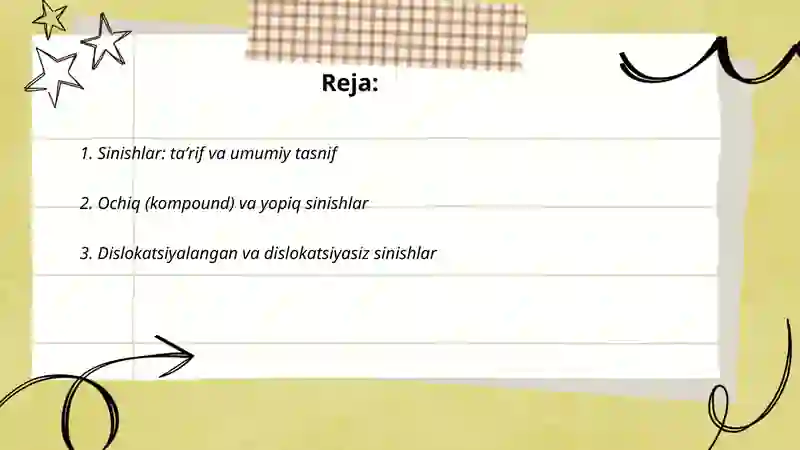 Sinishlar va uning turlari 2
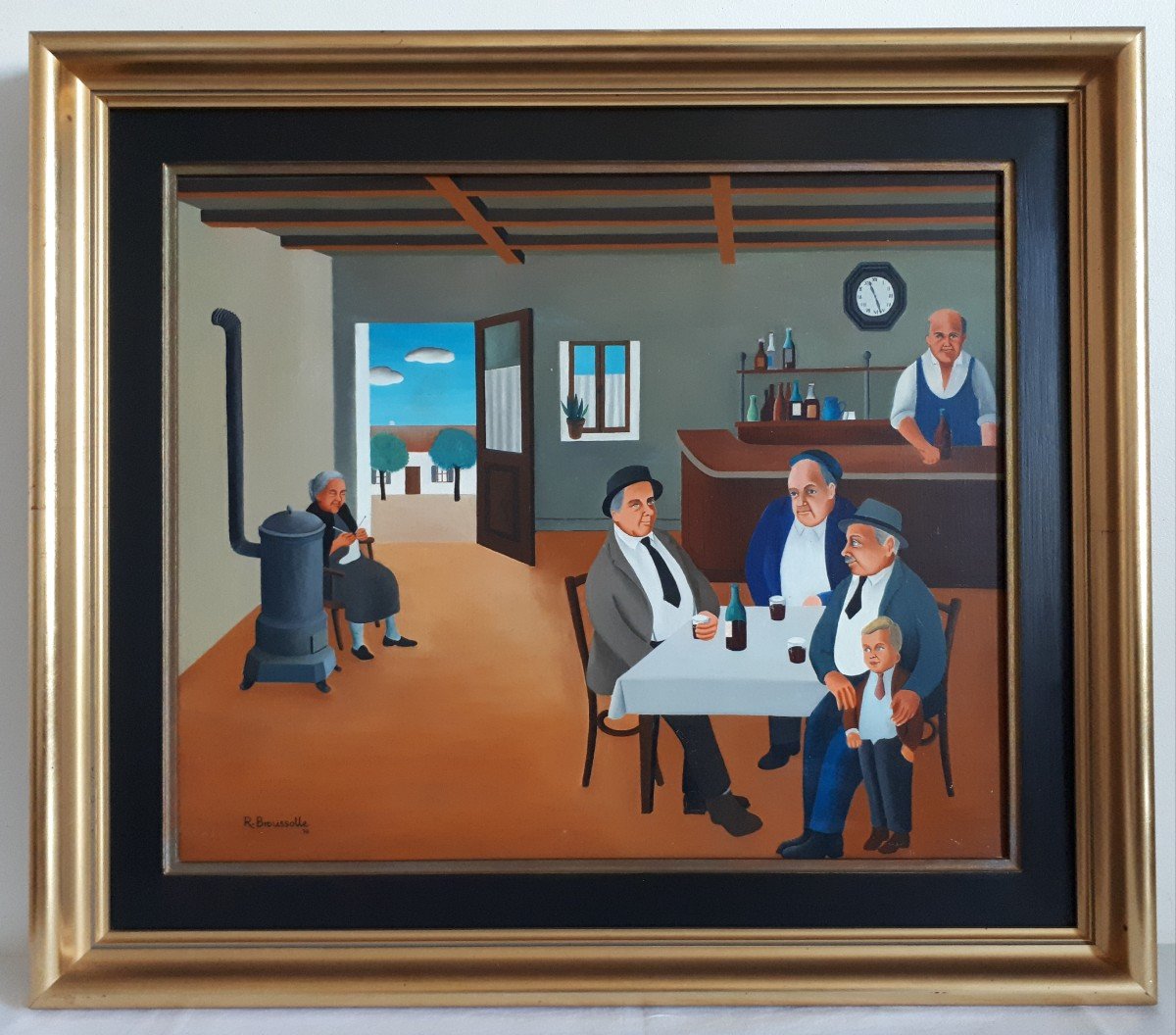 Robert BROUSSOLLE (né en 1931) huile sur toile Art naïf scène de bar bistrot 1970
☆ ☆ ☆ ☆ ☆
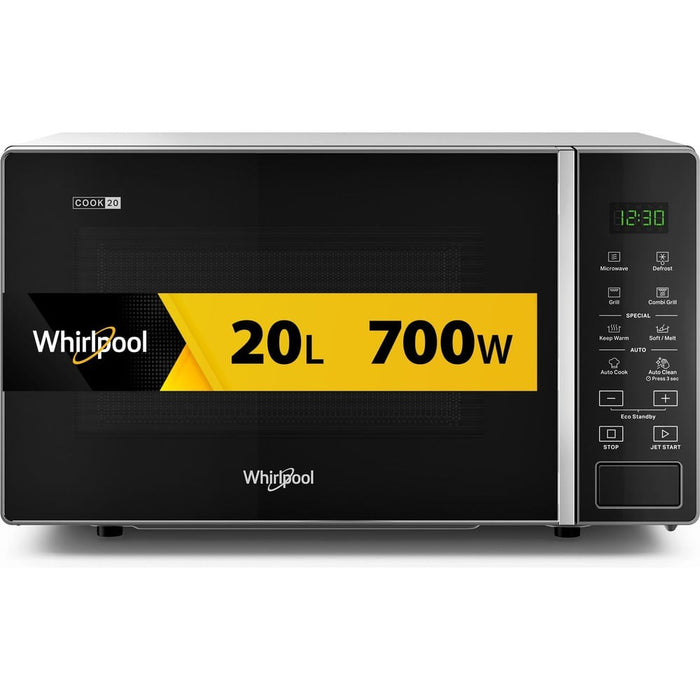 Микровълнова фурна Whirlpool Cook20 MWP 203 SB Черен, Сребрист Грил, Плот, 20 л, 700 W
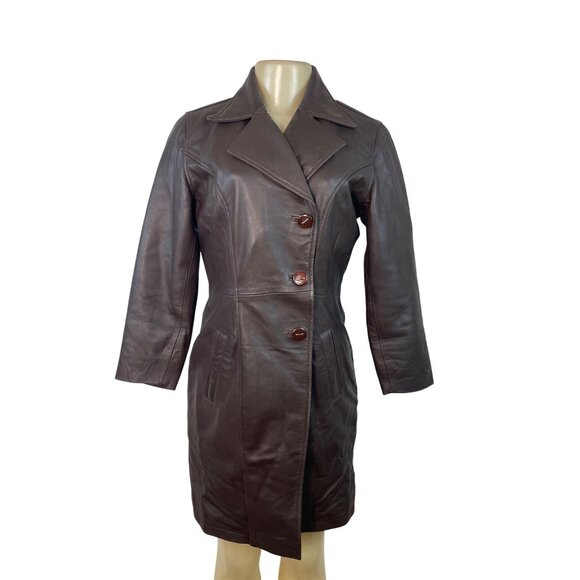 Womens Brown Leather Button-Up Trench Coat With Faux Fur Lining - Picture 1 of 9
☆ ☆ ☆ ☆ ☆
| PROBLEM REQUIREMENTS |
Pictures are to be left out. Write out only the lines above starting at the one with "Sinishlar va uning turlari 2" and ending at the one with "Robert BROUSSOLLE (né", both lines included, exactly.

| PROBLEM SOLUTION |
 Sinishlar va uning turlari 2
 Robert BROUSSOLLE (né en 1931) huile sur toile Art naïf scène de bar bistrot 1970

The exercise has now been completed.